**Work instruction:**
Nothing but the text of the listing, repeated exactly, belongs in the answer; leave the images out.

**Recorded information:**
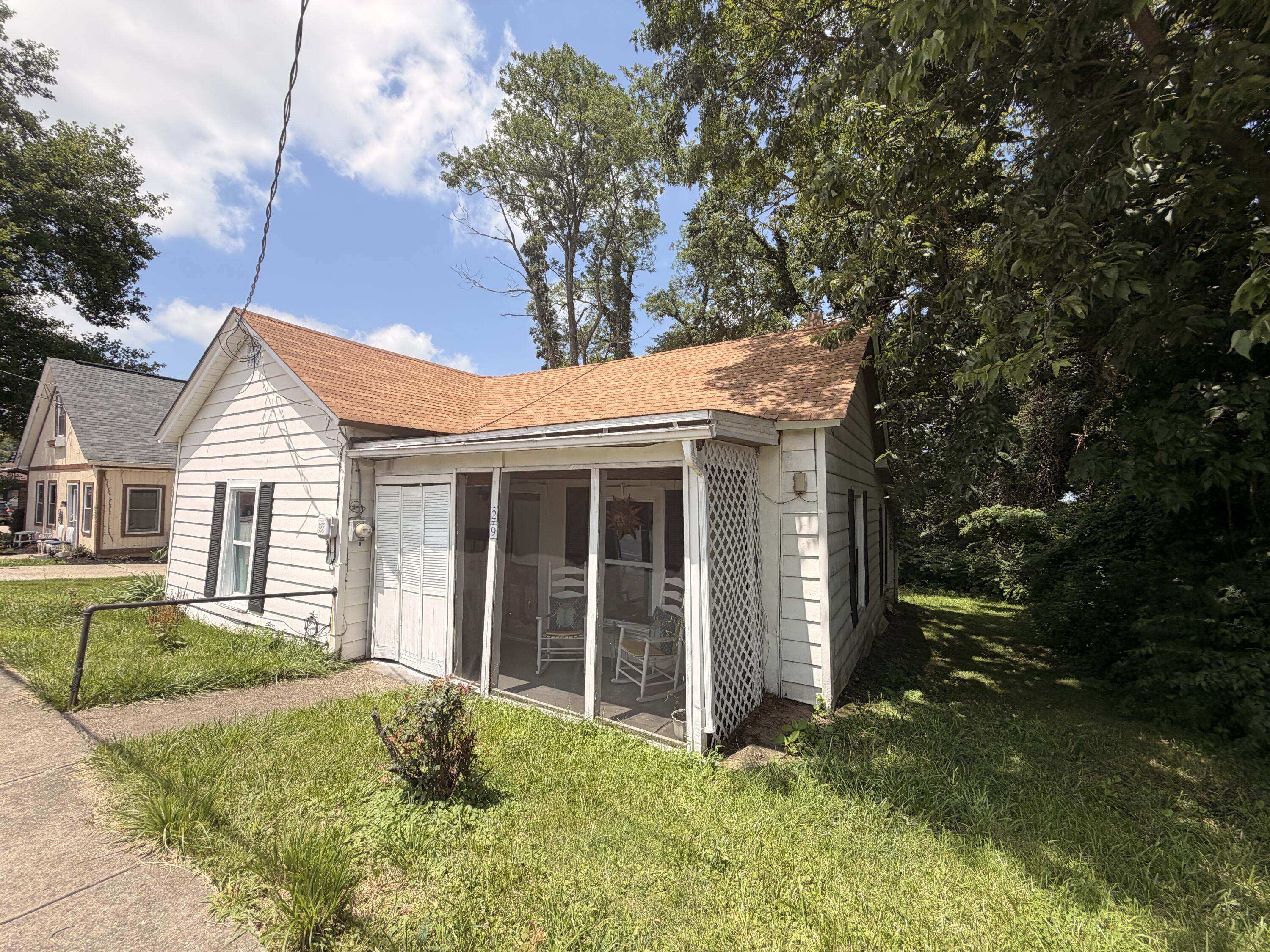29 S Main Street Property Photo 2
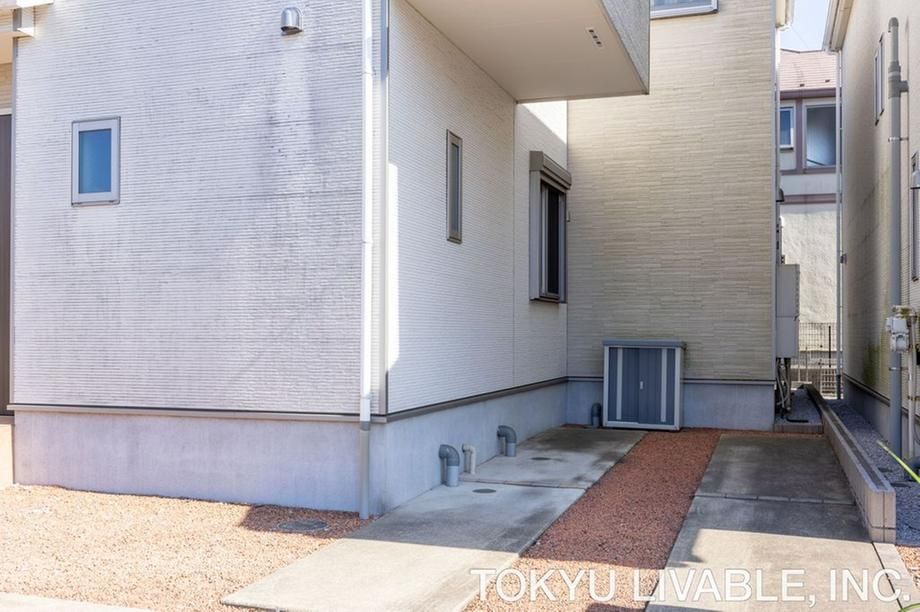 4LDK Detached House for Sale in Midori Ward, Saitama City - Thumbnail 2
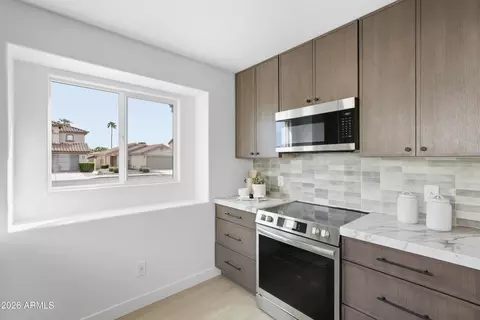 Kitchen - 4622 E Grovers Ave, Phoenix, AZ 85032 photo 3 of 5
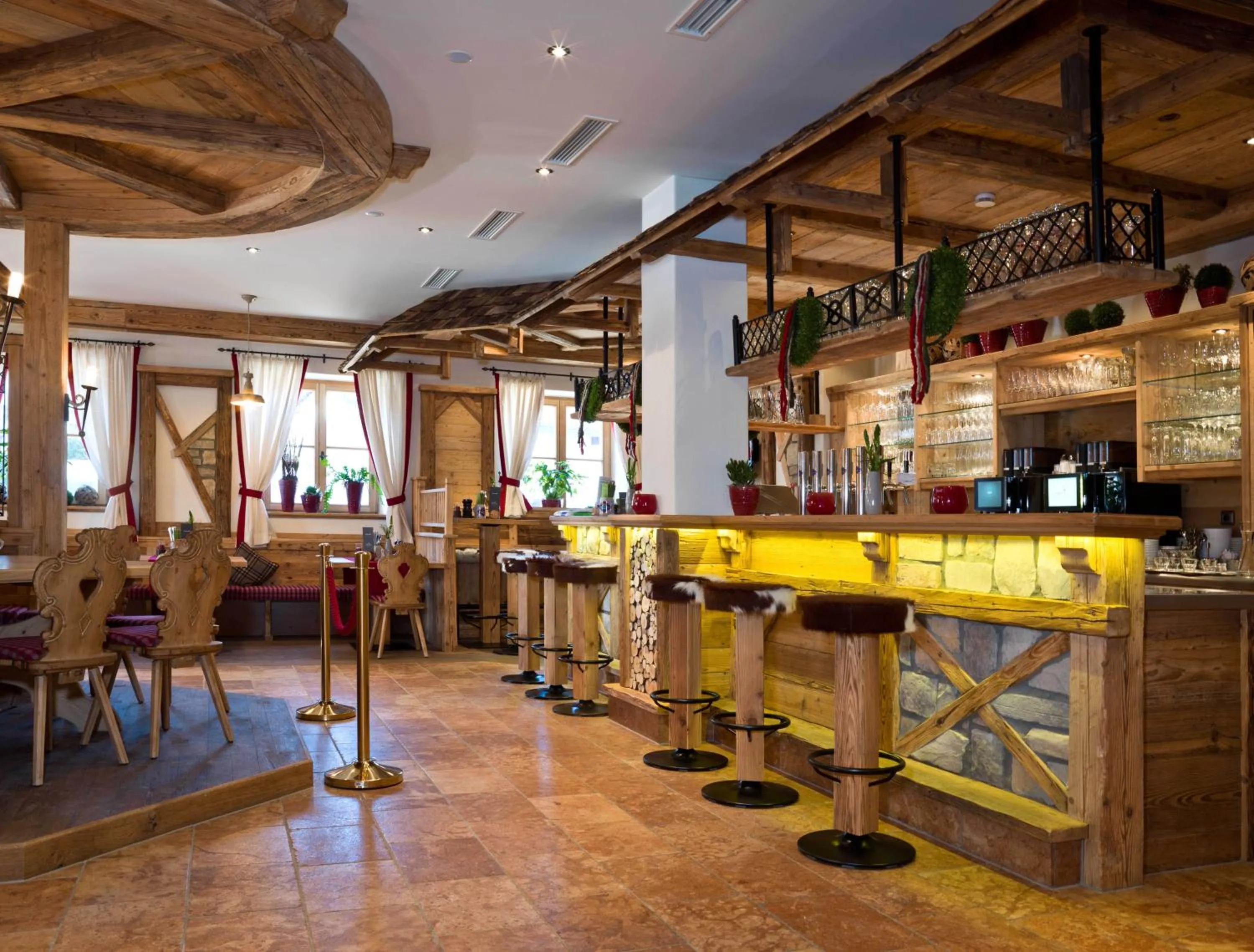 Restaurant/places to eat in Ortner's Resort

**Worked solution:**
29 S Main Street Property Photo 2
 4LDK Detached House for Sale in Midori Ward, Saitama City - Thumbnail 2
 Kitchen - 4622 E Grovers Ave, Phoenix, AZ 85032 photo 3 of 5
 Restaurant/places to eat in Ortner's Resort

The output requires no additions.